Good news for employers that use arbitration agreements: California will send such cases to arbitration even if they start as collective actions—if the arbitration agreement is clear, separate from other handbook provisions and not unconscionable.
Recent case: Alex, who worked for Fred Loya Insurance Co. as an appraiser for six months, is one of five employee plaintiffs who filed a class-action lawsuit against the company. The allegations include
(1) unpaid wages,
(2) failure to pay the minimum wage and overtime wages, provide meal and rest periods and furnish accurate wage and hour statements,
(3) Labor Code violations,
(5) unfair competition.
The company asked the court to split the five complaints and send them to arbitration.

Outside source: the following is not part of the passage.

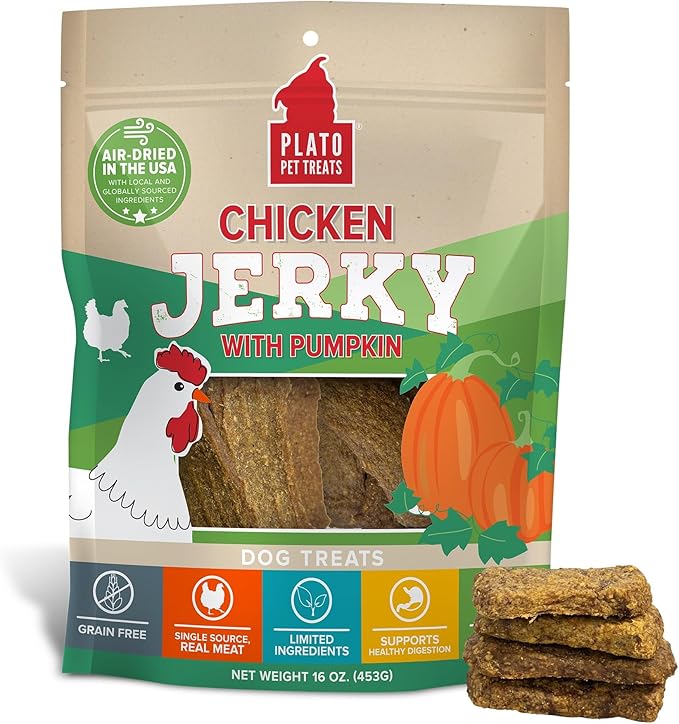 PLATO Pet Treats Jerky Dog Treats - Air-Dried Jerky for Dogs - Delicious, Real Meat Dog Treats - Grain Free - Supports Healthy Digestion - Chicken Jerky with Pumpkin 16oz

It argued that Alex and the others had signed arbitration agreements when they were hired and that those agreements were legal and valid.
An HR representative testified that all new hires were presented with a stand-alone document, separate from other hiring paperwork. It was a six-page document labeled “Mutual agreement to arbitrate claims.” Both the company and the new hire signed the document.
A supervisor testified that he personally went over the document with Alex and allowed him to ask questions before signing. Substantively, the agreement provided for a neutral arbitrator, split legal fees, a low filing fee and other provisions that allowed discovery.
The court said the agreement was a valid, enforceable contract and ordered arbitration. (Bergiadis v. Fred Loya Insurance Agency, No. B294276, Court of Appeal of California, 2nd Appellate District, 2014)
Final note: It is possible to draft an enforceable arbitration agreement that appears fair and equitable to California judges. Get an attorney’s help.
In this case, the agreement was separate from, included fair terms and followed all the latest rules.